Listening to Mark Gilbert's reflections on his time as Barack Obama's man in Wellington for the past two years sounds more like an extreme-sports challenge than a posting which oversaw the most profound bilateral relationship-repair in 30 years. He's walked the great walks including the Routeburn, the Milford Track, the Abel Tasman and the Tongariro Crossing. He has been to Antarctica, he has skied with the US ski team, swum with the whales, and hung out the back of an aeroplane flying at 30m over the Hauraki Gulf. Gilbert, aged 60, has taken close to 4000 selfies and produced a slideshow on social media to the theme of "I've been everywhere man." His own highlight, however, was more political - the visit of the USS Sampson in November, and the assistance it provided with the HMNZS Canterbury after the Kaikoura earthquake. Banning ship visits to New Zealand was the last of the US reprisals against New Zealand's anti-nuclear laws and the Sampson was the first visit in 33 years. "We had Vice-President Biden here, we had Secretary of State Kerry but I think having the Sampson here really tells everyone where the state of the relationship is," he said. "To have it here, to be able to participate in the relief effort down in Kaikoura, to cement the military, the personal relationship between Kiwis and Americans, the visit puts all of that together." It was a long slow process to get acceptance in the US system for the ship to attend the New Zealand Navy's 75th birthday celebrations.

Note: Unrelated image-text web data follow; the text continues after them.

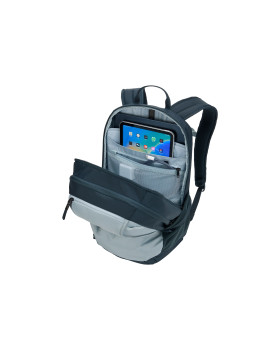 Thule 5502 EnRoute Backpack 23L Soft Blue/Darkest Blue-foto5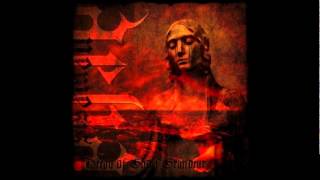 Aeba - The Hunter and the Hunted One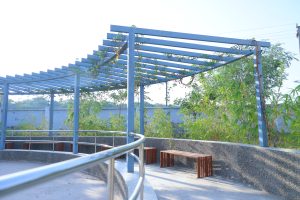 Akshar Residency
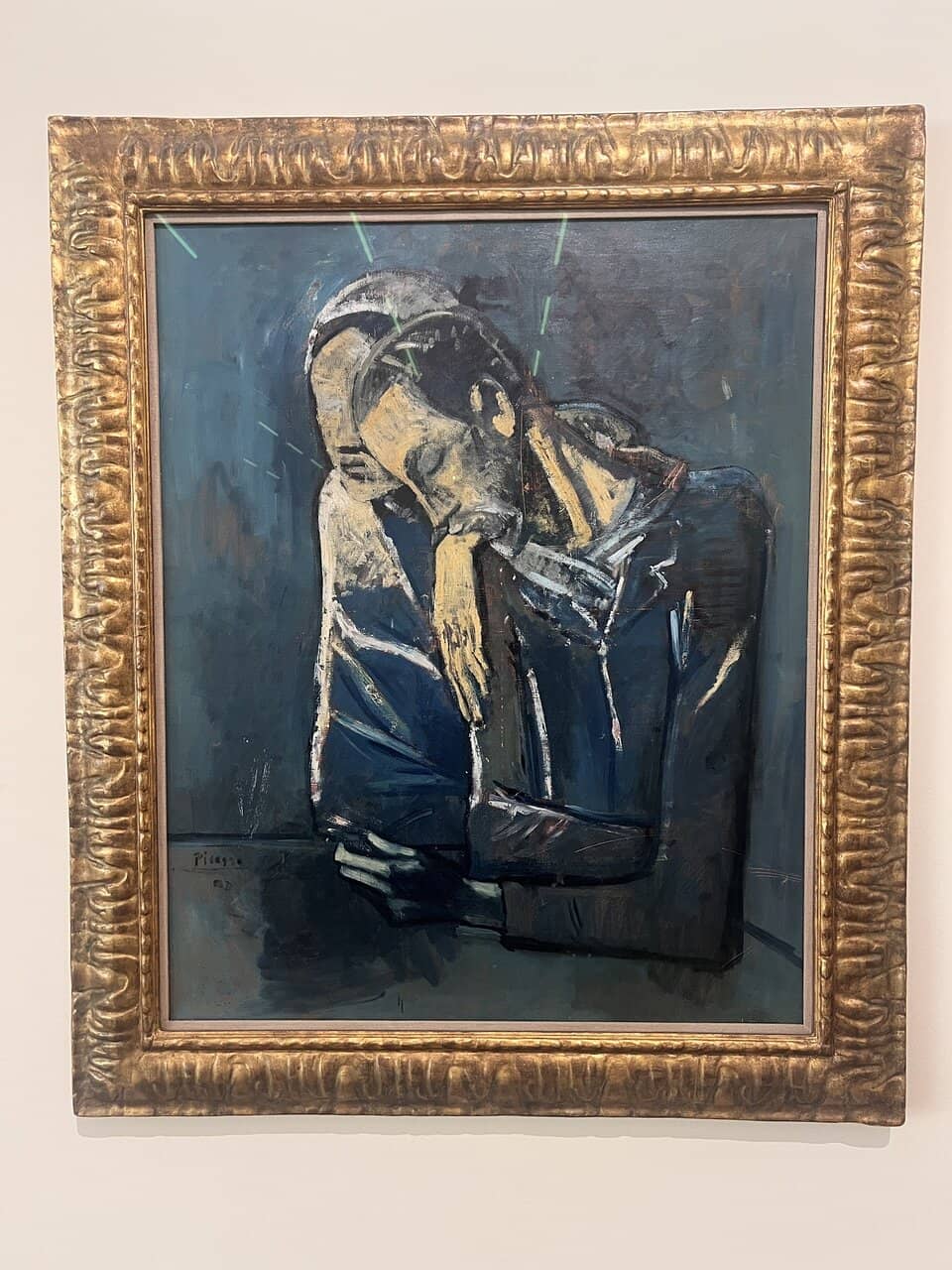 Emil Bührle Collection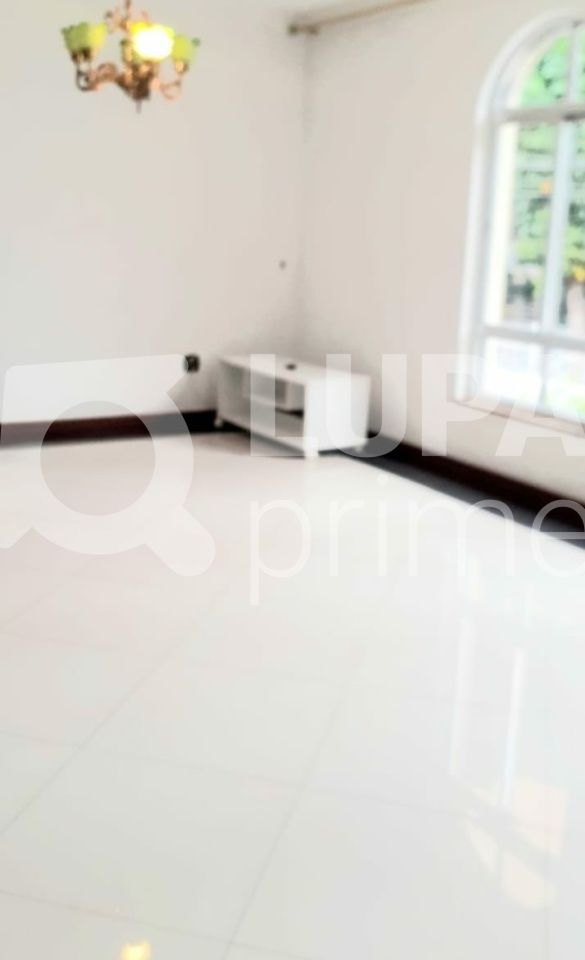 sobrado-venda-sao-paulo-jardim-franca-3dormitorios-2suites-4vagas-300m2-LS40735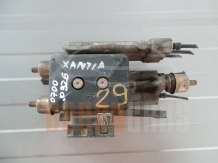ABS за Ситроен Ксантиа | Citroen Xantia | 1993-1998 | 10.0501-8803.3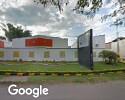 Foto exterior de Nutribal S.a.
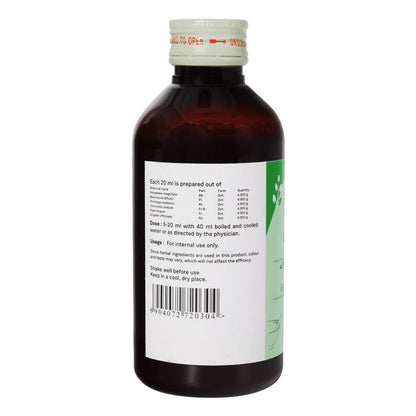 https://cdn.shopify.com/s/files/1/1857/6931/products/OBJrr6zFQU.jpg?v=1640339442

There will be other ship visits but not necessarily regular."The easiest thing for anyone to say is No and sometimes getting to Yes can be a long and difficult process," Gilbert said today. "Once the parties understood what it meant, how it would be handled and what it meant for the relationship, we got everybody to Yes. But it took a very long time with behind the scenes discussions." Asked if he believed it would be start of regular visits or just a one-off, Gilbert said: "I don't think it will be either. There will be other ship visits but not necessarily regular." It was nothing to do with the relationship but was more about where ships would be travelling to. The relationship was strong enough that no single problem could affect it. "There could be an issue New Zealand the United States completely disagree on but it is not going to affect the relationship because the contacts on both sides have become so solid that you don't have to worry about one issue completely turning upside down the entire relationship," he said. Gilbert, a former professional baseball player with the Chicago White Sox, was a major fundraiser for Obama, and is also a friend. He said it was usual for the team of political appointees of a different party to end their terms on the same date as the president who appointed them - the unusual aspect of the transition was the refusal to have any extension at all.

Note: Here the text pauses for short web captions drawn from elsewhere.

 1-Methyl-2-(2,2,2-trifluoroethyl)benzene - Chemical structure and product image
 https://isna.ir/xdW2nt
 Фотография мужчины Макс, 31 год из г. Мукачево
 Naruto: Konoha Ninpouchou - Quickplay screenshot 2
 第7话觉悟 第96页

The contacts on both sides have become so solid that you don't have to worry about one issue completely turning upside down the entire relationship.He didn't know if concerns about Donald Trump as President were justified. "The jury is going to be out but hopefully he'll do a good job. Hopefully it will be great for America. I'm sure the relationship between New Zealand and the United States will continue to grow and grow in the right direction." Gilbert said the appointment of New Zealand businessman Chris Liddell as an assistant to Trump in the White House could only help the relationship with New Zealand. Gilbert and his wife, Nancy, have had a month of saying goodbye at functions over the country, at which Nancy has been collecting hundreds of Air NZ boarding passes for a special project back home. She is going to decorate a wall with them in her Florida home - near Donald Trump's Mar-a-Lago in Palm Beach. "I'm actually taking the boarding passes on my carry-on luggage," she says. The couple will leave Auckland on Friday night after hosting a farewell function in Wellington. Nancy Gilbert says she would remember the Kiwi character as being "kind and fun" as well as "curious." "It might be by virtue of the location of New Zealand on the planet that when you are far from others, you develop a spirit of curiosity to see what else is going on out there and the sense of adventure to know that when someone asks you to go for a walk, five hours later you could still be walking." A five-hour flight for New Zealanders was absolutely nothing and was a totally different mindset from most places in America. The highlight of her time here was her own "Wahine Toa" project which recognised emerging Maori women leaders through the country and brought them together for a conference in Auckland in October. "We bought the chief of Native American affairs from the White House, President Obama's special assistant on Native American Affairs, flew over to be the keynote speaker and it was an extraordinary experience both personally and otherwise. It was just very gratifying."